Little Crash-Course in Big Data – Analysing Data

A designer’s guide to quantitative data from one amateur to another (Part 2 of 3)

11 min readMar 14, 2017

This article is the second in a series of three about how to collect, analyse and visualise quantitative data targeted to designers who want to get into quantitate data. You can find the other parts here — Collecting Data and Visualising Data.

I’ll start with a confession. It’s been a long time since I got my hands dirty analysing data. Although, I did get nerdy and calculated a Chi-squared test over Christmas to test a hypothesis about the gender attrition in the office, I had to watch a video to refresh my memory. A Chi-squared test is used to test whether there is a significant difference when the variables are on the nominal scale.

Although I know enough to know when it’s appropriate to use a Student’s t-test over a Z-test, I’m pretty far from an expert. The good new is that you (and I) will likely work with an expert when it comes to analysing data.

I will however, to give you a basic understanding of key terms and concepts that will help you communicate and collaborate more effectively with an expert.

For the curious, the time to use a t-test is when the sample size is less than 30 and it’s unknown whether the population is normally distributed or not. The t-test uses the residuals of the sample to estimate the errors in the population.

But let’s start with some more basic stuff.

Analysing the data

In the previous article, we covered the topic of collecting data. Whether you’re doing a survey early in the design process or capturing clicks on a high-fidelity prototype further down the line, you’re likely to have collected data with various levels of measurements. You might have used an ordinal scale for your survey but you also captured gender, family status, type of car they drive etc on the nominal scale.

It’s important to understand that various methods for analysing data is appropriate to use depending on you level of measurement.

AVERAGES

A simple way to analyse your data is calculating averages. When measuring a single (univariate) variable, you can use mode, median and mean.

3 6 6 6 7 9 11 11 13

Mode is the most common value, 6 in the case above. Mode works with all levels of measurements, including nominal. You can for instance say that Volvo was the most common car in the sample.

3 6 6 6 7 9 11 11 13

Median is the value in the middle, 7 in the case above. Median can’t be calculated for nominal scales but can be for the other three. You can for instance say that median value for Concept A was 6 and the median for Concept B was 7 if you’re testing a series of concepts and asking users to evaluate how likely they would be to use it on a 1–10 scale.
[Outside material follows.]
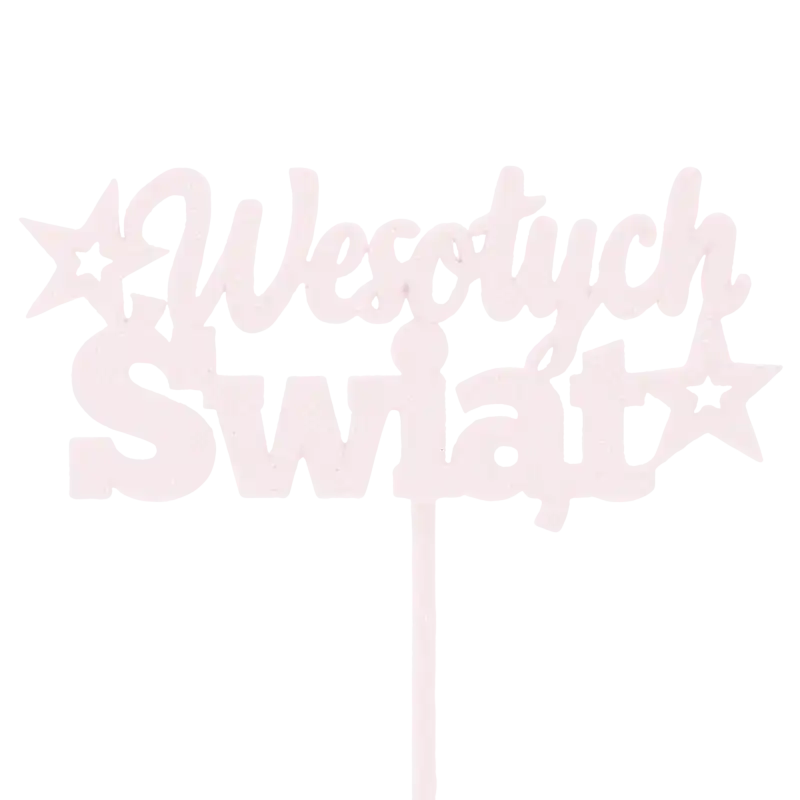Różowy topper Wesołych Świąt z brokatem to ozdoba na piku o wymiarach 0x0x0 cm, idealna do dekoracji świątecznych stroików i prezentów w stylu glamour.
Note that the median does not have to be a whole number. If there are two numbers in the middle e.g. 6 and 7, the median would be 6.5.

(3 + 6+ 6+ 6 + 7+ 9+ 11+ 11+ 13 = 72) 72/9=8

Mean is the sum of all values divided by the number of values, 8 in the case above. Strictly speaking, the mean is reserved for the interval and ratio scales. However, as I discussed in the first part, Collecting Data, calculating a mean is often done anyway for ordinal scales since it does provide a useful measurement, albeit less stringent than some would like. Read this to find out more.
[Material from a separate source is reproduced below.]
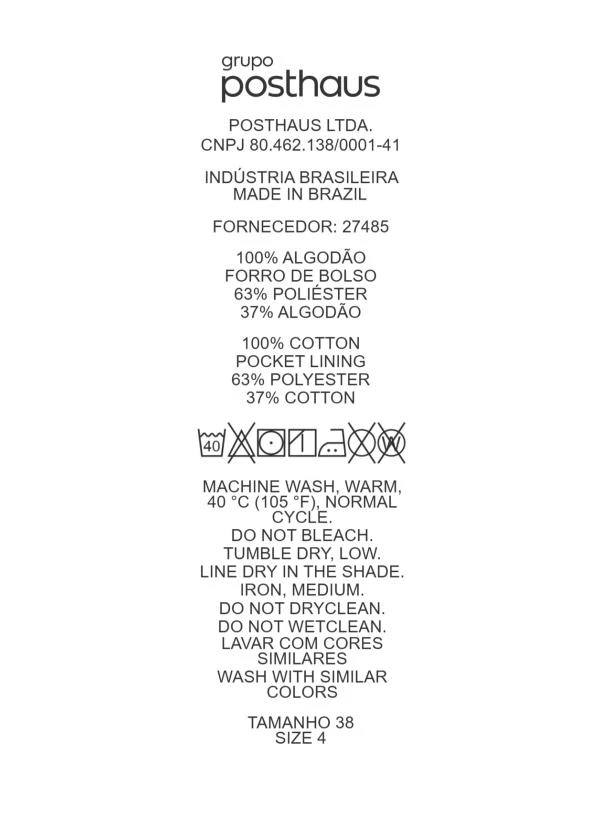 Quintess - Calça Balloon Jeans Claro em Algodão com Martingale na Barra 7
Because the ‘mode’ — and often the ‘median’ — represent a real person, as opposed to an average, it could be very relevant to designers.

DISTRIBUTION

To learn more beyond the average, you can also look at the distribution of the values. Data can be distributed (spread out) in different ways.
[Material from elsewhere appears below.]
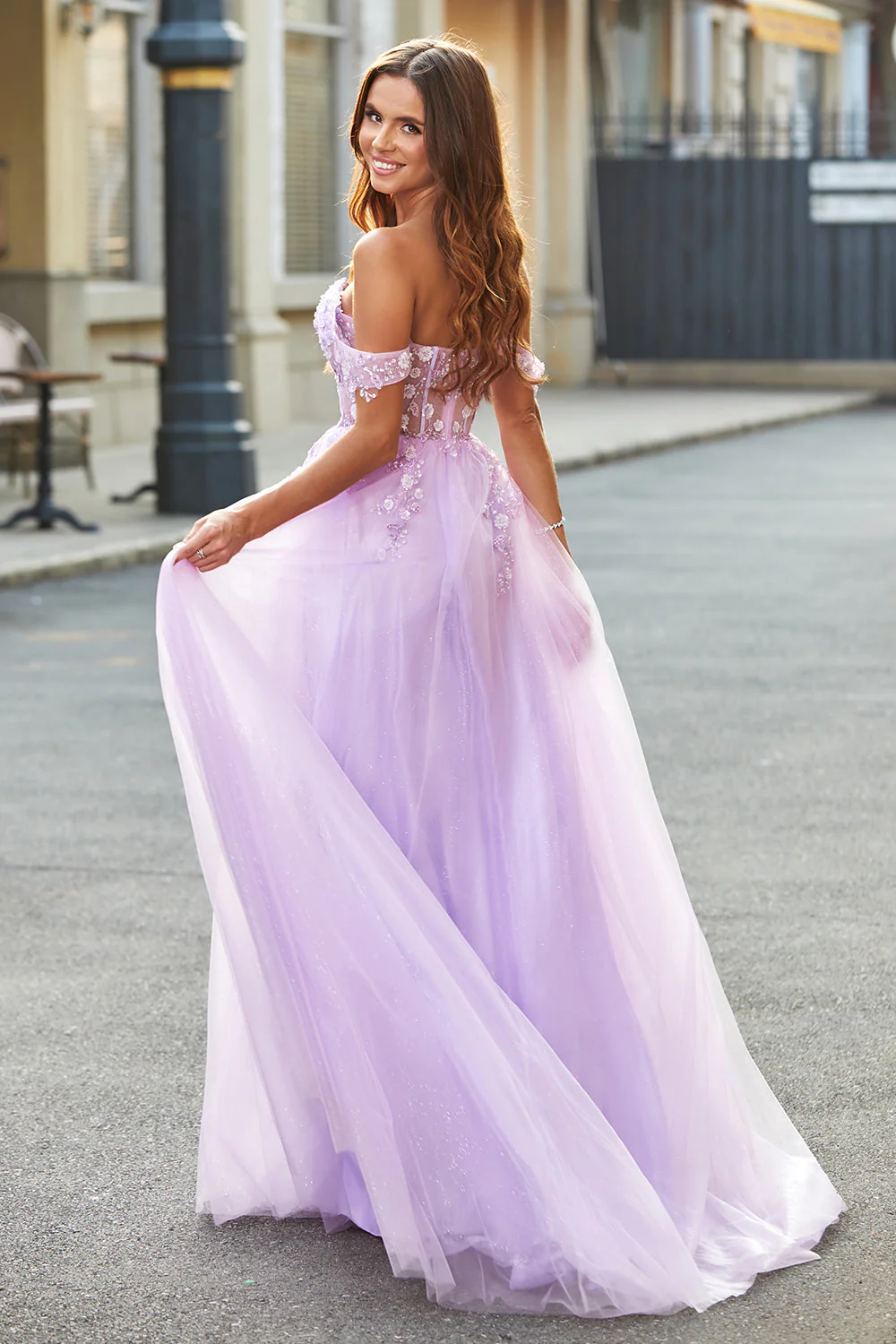 Off The Shoulder Lilac A-Line Beaded Corset Prom Dress - Image 2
In the graph below, we can see the distribution of a survey and what people answered on a 1–10 scale. 2 people answered 1, 5 people answered 2 and so on. Nobody liked it enough to answer 10.

Note that samples with the same mean can have greatly varying distributions. Look at the four distributions below. Figure A and B has the same average but A shows that most people fell in the middle and thought the concept was ok/neutral. Not many were very positive or very negative.

If we look at figure B, we can see that a lot of people answered low numbers like 1–3 as well as 7–9. Not a lot of people seem to be neutral. This could seems to be a polarising concept.

In many cases where the data tends to be around a central value with no bias left or right, it gets close to a normal distribution. Things that have a normal distribution are e.g. height or weight of people, blood pressure, sizes of things produced by machines etc. The normal distribution is sometimes informally called the bell curve.

VARIANCE

Variance is a measurement of how spread out the values measured are around the mean average. Low variance means that values are close together like the curve A below. A and B have the same average but A has a lower variance and B has a higher variance.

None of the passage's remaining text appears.